Rob Lowe is enjoying being a fish out of water in British cop drama Wild Bill, which is leading ITV Studios Global Entertainment’s scripted lineup at next week’s Mip TV.
The West Wing star plays high-flying US cop, Bill Hixon, who is appointed Chief Constable of the East Lincolnshire Police Force in the UK. The series is produced by 42, Shiver and Anonymous Content for ITV and launches later this year.
“The interesting sort of flavor of it was what drew me to it, it’s tone really. I love these shows, I love Fargo, Better Call Saul, I love these shows where there’s a titular hero in the middle of it, but surrounded in a world in that is very odd, very different and really authentically intense and violent, and then really really sweet and emotional and then really really funny, all at once. And it’s hard to do and our writers pulled a rabbit out of a hat,” he told Deadline. “The fish-out-of-water genre is always great when it works. But a lot of times people herniate themselves trying to make up a fish-out-of-water excuse. And this is actually real, this is a real thing. The original concept of Bill, because there was a moment in time when an American [policeman] was going to be the Chief of Police in London, and people kind of went nuts and at the last second it didn’t happen. But that was the impetus for it because it could have happened.”
The show was created by The Hunted writer David Griffiths and then Awake creator Kyle Killen came on board with Silent Witness writers Dudi Appleton and Jim Keeble. Lowe acts as an exec producer as well as on-screen star.
It is the Parks and Recreation star’s first foray into television outside of the U.S. “I’ve done traditional network shows and the other thing I wanted to do was something that felt different, you know that felt like a streaming show. Even the long speech that I give with the long push in, that’s an uninterrupted one and a half minute take. You just don’t get an opportunity to do that kind of work very often, and you get to do it here. Also everybody in this show, all the actors that I’ve been lucky enough to work with, just bring it every day. And that helps me raise my game a lot,” he said. “I came to do a larger than life character and to do something really original and different and when I read the first script, the tone of this show really spoke to me because it’s so authentic to this very odd place of Boston Lincolnshire and to put a show in that world, that has the authenticity and the grit to it, but also has the humor, and to play the character of Wild Bill was something new and something I thought that would feel fresh,” he added.
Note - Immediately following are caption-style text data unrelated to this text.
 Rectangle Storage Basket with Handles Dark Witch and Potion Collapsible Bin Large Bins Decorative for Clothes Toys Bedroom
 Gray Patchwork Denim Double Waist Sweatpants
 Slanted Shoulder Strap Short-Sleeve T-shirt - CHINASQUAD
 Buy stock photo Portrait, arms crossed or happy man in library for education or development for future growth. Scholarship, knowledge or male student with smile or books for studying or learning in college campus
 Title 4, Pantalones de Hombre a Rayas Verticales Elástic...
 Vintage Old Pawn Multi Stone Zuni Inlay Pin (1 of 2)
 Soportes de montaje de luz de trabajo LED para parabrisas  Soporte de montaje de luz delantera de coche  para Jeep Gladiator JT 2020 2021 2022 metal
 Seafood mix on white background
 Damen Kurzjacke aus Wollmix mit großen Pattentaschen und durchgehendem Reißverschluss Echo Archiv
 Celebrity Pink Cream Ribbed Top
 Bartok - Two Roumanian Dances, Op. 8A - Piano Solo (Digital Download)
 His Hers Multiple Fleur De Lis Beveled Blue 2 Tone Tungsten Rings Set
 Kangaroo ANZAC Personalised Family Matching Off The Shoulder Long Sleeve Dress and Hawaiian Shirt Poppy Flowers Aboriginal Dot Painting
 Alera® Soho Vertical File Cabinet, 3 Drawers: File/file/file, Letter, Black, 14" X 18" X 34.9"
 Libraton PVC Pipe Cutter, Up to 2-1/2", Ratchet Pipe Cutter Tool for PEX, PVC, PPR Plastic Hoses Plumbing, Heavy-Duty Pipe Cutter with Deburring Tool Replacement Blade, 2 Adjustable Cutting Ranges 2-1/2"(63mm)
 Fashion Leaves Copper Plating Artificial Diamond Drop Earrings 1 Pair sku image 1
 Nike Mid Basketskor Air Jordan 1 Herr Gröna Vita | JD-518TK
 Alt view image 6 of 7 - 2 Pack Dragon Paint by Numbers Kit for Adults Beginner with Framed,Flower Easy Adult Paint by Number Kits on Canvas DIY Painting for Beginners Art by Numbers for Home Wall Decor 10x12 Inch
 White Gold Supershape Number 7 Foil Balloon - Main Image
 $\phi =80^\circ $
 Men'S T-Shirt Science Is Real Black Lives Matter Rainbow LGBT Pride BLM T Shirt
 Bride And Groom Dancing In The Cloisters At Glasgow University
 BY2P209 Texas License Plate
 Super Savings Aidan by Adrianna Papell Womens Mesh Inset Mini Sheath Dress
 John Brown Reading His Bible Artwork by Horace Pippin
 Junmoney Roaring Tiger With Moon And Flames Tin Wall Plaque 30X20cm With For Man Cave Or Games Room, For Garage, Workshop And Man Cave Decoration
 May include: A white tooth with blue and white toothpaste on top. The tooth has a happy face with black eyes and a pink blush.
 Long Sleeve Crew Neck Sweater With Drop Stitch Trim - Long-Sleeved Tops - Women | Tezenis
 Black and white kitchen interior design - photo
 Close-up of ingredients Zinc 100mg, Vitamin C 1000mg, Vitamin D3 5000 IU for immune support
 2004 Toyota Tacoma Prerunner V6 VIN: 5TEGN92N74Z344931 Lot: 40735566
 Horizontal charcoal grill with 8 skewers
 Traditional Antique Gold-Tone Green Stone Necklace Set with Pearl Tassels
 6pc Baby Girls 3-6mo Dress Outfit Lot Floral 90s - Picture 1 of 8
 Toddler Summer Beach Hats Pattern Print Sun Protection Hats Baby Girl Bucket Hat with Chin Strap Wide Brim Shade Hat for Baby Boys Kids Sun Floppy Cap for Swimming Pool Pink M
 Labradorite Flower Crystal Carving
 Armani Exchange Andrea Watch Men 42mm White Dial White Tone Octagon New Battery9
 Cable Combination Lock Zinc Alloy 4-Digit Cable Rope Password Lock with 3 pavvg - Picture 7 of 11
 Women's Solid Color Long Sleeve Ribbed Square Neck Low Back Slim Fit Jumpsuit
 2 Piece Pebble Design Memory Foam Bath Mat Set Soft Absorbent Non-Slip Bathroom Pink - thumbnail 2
Lowe’s Hixon is an analytics expert, a Moneyball-for-police type and he is in Lincolnshire to help bring down the crime rate, while also dealing with his suicidal young daughter.
He said that its Fargo or Better Call Saul meets a story-of-the-week procedural. “What I like about the show is that it’s a character study of Bill, dressed up as a procedural. He’s a guy at a crossroads in his life, he is recently widowed, his daughter is in real trouble, he’s been kicked out of his last big job as the police commissioner in Miami, he’s kind of on the run really, he needs to find himself. And the irony that he would have to come to Boston, Lincolnshire to find himself? I think is really kind of fun. All of the crimes that we do on the show, the procedural element of the show, exists solely so that Bill can learn something about himself.”
This story-of-the week style is something that ITV has been craving, having seen drama dominated by high concept serialized shows in recent years. ITV head of drama Polly Hill told Deadline that it was “really hard to find an original and distinctive and different kind of show”
“It’s genuinely difficult to find something that feels like it stands out and is doing something different, and this just does. It’s the character, Bill, it’s the idea that it’s Rob in Lincolnshire, an American cop in Lincolnshire, for me I was in, I was like god that’s crazy, but I like it, I want to watch that. And the scripts were really good. I’ve been asking for a story of the week show for so long, and no one wants to write them. Everything is serialized. So there was that perfect combination, we’ve got a character that feels distinctive and we’ve got Rob who’s always involved, and was like, OK, I can see that character, it’s brilliant that it’s him, I couldn’t imagine doing it with anyone else. It really made sense,” she added.
ITV Studios Global Entertainment will be shopping the series to international broadcasters at Mip TV, having given it a big push at its recent Drama Festival in London. Deadline understands that ITVSGE is in conversations with a number of U.S. broadcasters and streaming services. Lowe is confident that it will sell as well as his past network shows. “I think we are in a moment in time where the answer [to whether it will sell well internationally] is yes.”